The miles that passed underfoot were but numb echoes in Eruviel’s limbs. She could still feel Ninim’s blood on her hands with every arrow she loosed, and see the life fade from the young woman’s eyes whenever her own closed.
It had gone all wrong. Try as they had, Ninim had perished as Eruviel cradled the screaming newborn against her chest. In the moments before Abiorn had taken his little nephew from her she had stared down in horror at the beautiful child, fearful that he might die as well.
Never, she had thought, never will I have children. She would not . . . could not. Not now.
Every night when they made camp her eyes would follow Eirikr as he’d take his leave to stand watch. The memory of his harrowing cry kept her from sleeping when he was gone, and she stood more alert when he would finally rest on a pallet beside his brother. When his dreams got worse she’d creep over and press her hand to his forehead, sometimes merely suppressing the terrors that plagued him, and other times exchanging his dreams for her calm.

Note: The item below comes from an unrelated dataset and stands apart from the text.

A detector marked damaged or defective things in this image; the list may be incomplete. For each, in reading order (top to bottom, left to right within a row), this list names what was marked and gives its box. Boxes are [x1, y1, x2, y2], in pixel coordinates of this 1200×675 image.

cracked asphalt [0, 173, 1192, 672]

The tranquility of Lothlorien had done little to lessen her guilt. And though it had raised her spirits, it was the look on Abiorn’s face as they entered Caras Galadhon that finally caused her to smile. No light shone in Eirikr’s eyes however; a look Eruviel knew all to well. He should never have had to suffer such a loss. She had promised herself she would prevent it, and her failure turned the evening meals to ash in her mouth. As their short respite ended she wished she knew what to say to him, but her words would most likely fall on deaf ears. So she walked and fought beside him in silence, and took greater care in seeing to Abi’s comfort.

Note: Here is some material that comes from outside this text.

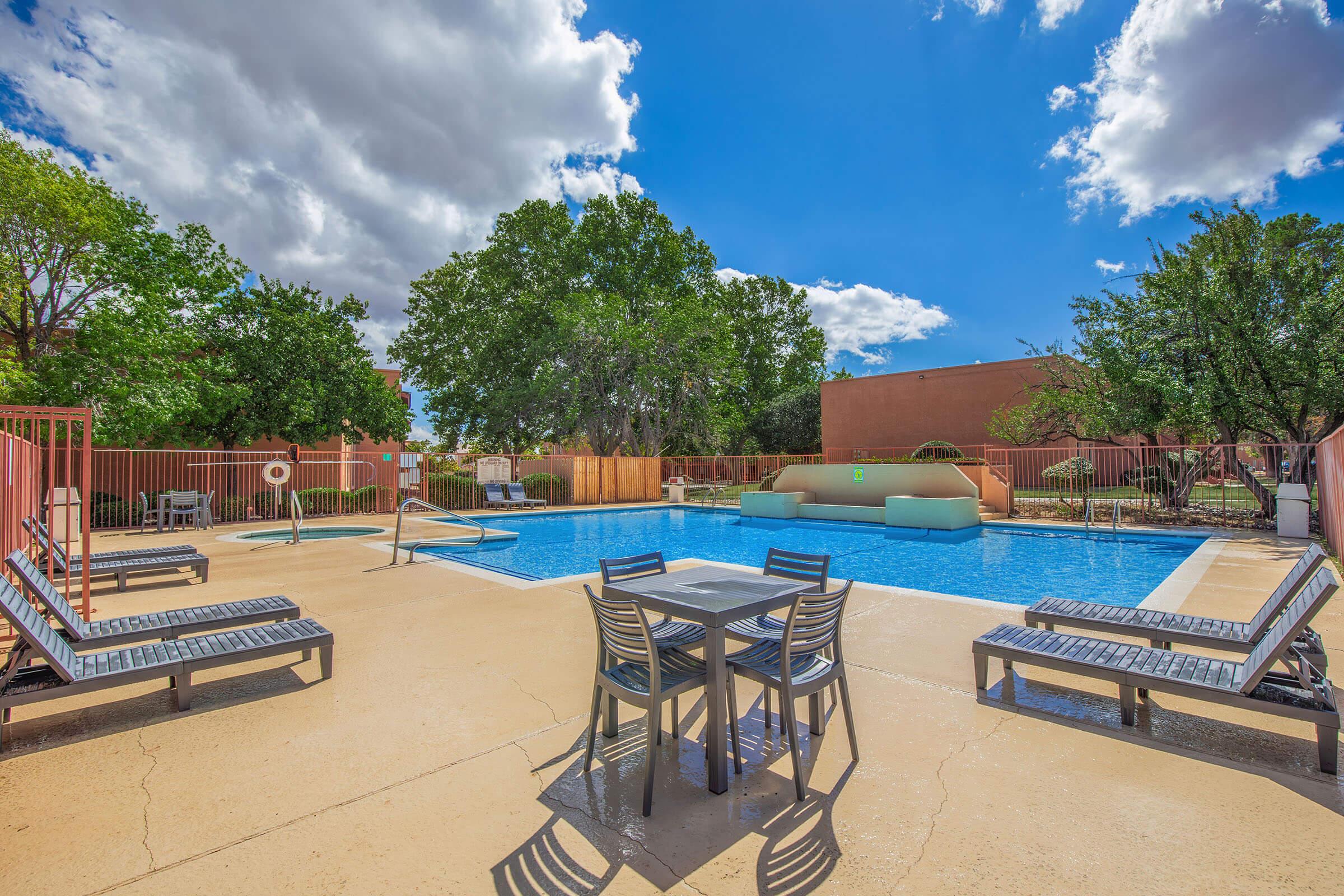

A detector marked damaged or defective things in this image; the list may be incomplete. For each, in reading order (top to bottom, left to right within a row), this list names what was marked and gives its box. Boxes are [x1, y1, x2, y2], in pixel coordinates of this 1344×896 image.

crack in concrete [508, 676, 562, 725]
crack in concrete [135, 730, 160, 870]
crack in concrete [508, 741, 710, 896]
crack in concrete [892, 715, 1010, 892]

Eruviel could not remember ever wanting to see Bree again so badly. As the road west once again became familiar she thought of Anya, whose gift hid awkwardly in her satchel, and of Threz, who’s letters nested in her pocket. But most of all she thought of the little boy they had left behind. Sighing, she fixed her gaze on the horizon. She would go back in a year or two. If Abiorn was up to it, perhaps they would go together. Deep within her she hoped that the boy grew to look like a little Eirikr. But, in truth it did not matter who had fathered the child. What mattered was that the infant born in the dark of Mirkwood would have Ninim’s eyes.